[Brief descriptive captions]
◆ ◆ ◆ ◆ ◆ ◆ ◆

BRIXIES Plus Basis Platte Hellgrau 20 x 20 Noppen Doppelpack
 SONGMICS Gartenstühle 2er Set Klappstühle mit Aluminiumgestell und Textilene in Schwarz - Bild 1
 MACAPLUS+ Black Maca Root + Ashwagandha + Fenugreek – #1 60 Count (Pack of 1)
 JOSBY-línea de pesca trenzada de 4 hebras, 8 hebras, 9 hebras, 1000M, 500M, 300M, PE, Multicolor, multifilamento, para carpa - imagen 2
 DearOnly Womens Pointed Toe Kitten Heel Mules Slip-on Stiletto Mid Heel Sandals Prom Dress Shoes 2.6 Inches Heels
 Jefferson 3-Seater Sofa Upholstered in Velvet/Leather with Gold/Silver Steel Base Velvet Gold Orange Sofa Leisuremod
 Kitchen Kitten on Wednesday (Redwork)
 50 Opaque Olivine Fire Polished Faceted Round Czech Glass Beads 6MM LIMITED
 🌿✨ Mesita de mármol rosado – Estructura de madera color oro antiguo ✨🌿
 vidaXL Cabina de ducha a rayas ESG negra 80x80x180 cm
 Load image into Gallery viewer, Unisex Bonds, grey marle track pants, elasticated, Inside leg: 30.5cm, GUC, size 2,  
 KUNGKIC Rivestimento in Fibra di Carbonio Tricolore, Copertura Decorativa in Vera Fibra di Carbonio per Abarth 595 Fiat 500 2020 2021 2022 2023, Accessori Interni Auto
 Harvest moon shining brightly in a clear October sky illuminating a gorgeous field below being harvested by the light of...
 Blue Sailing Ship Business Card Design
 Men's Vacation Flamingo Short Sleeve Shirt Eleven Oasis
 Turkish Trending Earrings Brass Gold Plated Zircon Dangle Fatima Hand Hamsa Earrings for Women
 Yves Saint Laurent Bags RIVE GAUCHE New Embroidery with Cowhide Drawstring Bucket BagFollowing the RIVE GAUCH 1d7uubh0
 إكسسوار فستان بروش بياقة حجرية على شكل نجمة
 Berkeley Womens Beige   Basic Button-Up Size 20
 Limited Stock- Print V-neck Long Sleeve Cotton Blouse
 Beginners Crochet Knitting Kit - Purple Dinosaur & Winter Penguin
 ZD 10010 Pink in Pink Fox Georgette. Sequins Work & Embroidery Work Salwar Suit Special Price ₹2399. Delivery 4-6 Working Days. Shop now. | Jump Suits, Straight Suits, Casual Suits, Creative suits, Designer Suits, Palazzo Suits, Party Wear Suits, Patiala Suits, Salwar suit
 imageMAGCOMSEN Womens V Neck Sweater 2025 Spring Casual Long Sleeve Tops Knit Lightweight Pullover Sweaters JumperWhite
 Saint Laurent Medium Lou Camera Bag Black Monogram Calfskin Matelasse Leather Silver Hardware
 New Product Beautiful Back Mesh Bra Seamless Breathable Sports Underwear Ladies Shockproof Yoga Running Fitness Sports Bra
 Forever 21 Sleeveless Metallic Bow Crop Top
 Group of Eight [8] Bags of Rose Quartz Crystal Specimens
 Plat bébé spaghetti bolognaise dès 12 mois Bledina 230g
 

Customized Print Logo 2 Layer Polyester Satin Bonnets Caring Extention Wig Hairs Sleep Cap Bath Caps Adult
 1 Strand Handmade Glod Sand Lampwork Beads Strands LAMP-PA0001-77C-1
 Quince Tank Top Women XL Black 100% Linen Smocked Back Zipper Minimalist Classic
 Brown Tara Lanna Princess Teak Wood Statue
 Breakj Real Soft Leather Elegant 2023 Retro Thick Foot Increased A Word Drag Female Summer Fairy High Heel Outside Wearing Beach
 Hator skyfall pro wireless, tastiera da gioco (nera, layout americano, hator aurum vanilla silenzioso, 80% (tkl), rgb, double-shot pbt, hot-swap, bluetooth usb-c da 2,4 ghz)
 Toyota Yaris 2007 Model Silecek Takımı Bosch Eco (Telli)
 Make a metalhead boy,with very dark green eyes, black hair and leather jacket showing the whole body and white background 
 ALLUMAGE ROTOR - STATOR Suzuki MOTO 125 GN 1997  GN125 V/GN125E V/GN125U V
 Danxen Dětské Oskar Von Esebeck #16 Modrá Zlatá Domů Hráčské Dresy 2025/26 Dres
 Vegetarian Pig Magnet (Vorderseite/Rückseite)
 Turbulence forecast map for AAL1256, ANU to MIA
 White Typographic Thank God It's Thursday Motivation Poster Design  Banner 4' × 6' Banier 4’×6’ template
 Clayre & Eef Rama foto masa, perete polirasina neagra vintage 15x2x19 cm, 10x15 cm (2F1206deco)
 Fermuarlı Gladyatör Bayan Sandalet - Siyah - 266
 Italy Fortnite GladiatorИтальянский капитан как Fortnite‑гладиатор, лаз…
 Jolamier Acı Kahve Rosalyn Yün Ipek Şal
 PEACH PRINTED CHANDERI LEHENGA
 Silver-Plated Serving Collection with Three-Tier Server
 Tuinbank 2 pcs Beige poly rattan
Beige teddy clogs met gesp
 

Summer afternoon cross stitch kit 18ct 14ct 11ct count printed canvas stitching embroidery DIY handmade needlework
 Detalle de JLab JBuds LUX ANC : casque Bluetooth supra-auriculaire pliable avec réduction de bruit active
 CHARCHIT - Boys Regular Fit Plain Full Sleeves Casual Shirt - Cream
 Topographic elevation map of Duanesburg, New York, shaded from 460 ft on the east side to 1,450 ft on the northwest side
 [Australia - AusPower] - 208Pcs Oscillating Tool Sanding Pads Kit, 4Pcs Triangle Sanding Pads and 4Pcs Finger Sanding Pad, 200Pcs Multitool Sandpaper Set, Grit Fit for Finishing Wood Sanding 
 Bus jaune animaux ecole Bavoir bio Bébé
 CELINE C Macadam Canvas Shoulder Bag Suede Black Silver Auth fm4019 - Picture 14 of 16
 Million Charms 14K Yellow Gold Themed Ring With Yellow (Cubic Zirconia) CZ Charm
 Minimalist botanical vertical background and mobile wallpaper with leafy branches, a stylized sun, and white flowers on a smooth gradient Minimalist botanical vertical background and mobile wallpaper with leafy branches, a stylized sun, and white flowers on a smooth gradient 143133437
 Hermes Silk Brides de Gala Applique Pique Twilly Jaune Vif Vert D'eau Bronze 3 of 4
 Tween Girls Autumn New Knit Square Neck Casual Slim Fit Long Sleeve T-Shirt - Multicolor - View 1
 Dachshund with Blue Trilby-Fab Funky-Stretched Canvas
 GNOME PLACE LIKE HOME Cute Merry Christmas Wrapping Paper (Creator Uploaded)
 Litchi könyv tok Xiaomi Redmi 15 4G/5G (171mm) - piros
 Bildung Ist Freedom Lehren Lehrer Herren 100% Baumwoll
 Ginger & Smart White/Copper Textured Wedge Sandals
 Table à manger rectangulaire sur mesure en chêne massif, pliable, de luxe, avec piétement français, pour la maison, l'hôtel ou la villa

◆ ◆ ◆ ◆ ◆ ◆ ◆

WORK ITEM
The line containing "Load image into" marks the end. Please print exactly every line from the top of the data to it, both included, and nothing more.

YOUR SOLUTION
BRIXIES Plus Basis Platte Hellgrau 20 x 20 Noppen Doppelpack
 SONGMICS Gartenstühle 2er Set Klappstühle mit Aluminiumgestell und Textilene in Schwarz - Bild 1
 MACAPLUS+ Black Maca Root + Ashwagandha + Fenugreek – #1 60 Count (Pack of 1)
 JOSBY-línea de pesca trenzada de 4 hebras, 8 hebras, 9 hebras, 1000M, 500M, 300M, PE, Multicolor, multifilamento, para carpa - imagen 2
 DearOnly Womens Pointed Toe Kitten Heel Mules Slip-on Stiletto Mid Heel Sandals Prom Dress Shoes 2.6 Inches Heels
 Jefferson 3-Seater Sofa Upholstered in Velvet/Leather with Gold/Silver Steel Base Velvet Gold Orange Sofa Leisuremod
 Kitchen Kitten on Wednesday (Redwork)
 50 Opaque Olivine Fire Polished Faceted Round Czech Glass Beads 6MM LIMITED
 🌿✨ Mesita de mármol rosado – Estructura de madera color oro antiguo ✨🌿
 vidaXL Cabina de ducha a rayas ESG negra 80x80x180 cm
 Load image into Gallery viewer, Unisex Bonds, grey marle track pants, elasticated, Inside leg: 30.5cm, GUC, size 2,  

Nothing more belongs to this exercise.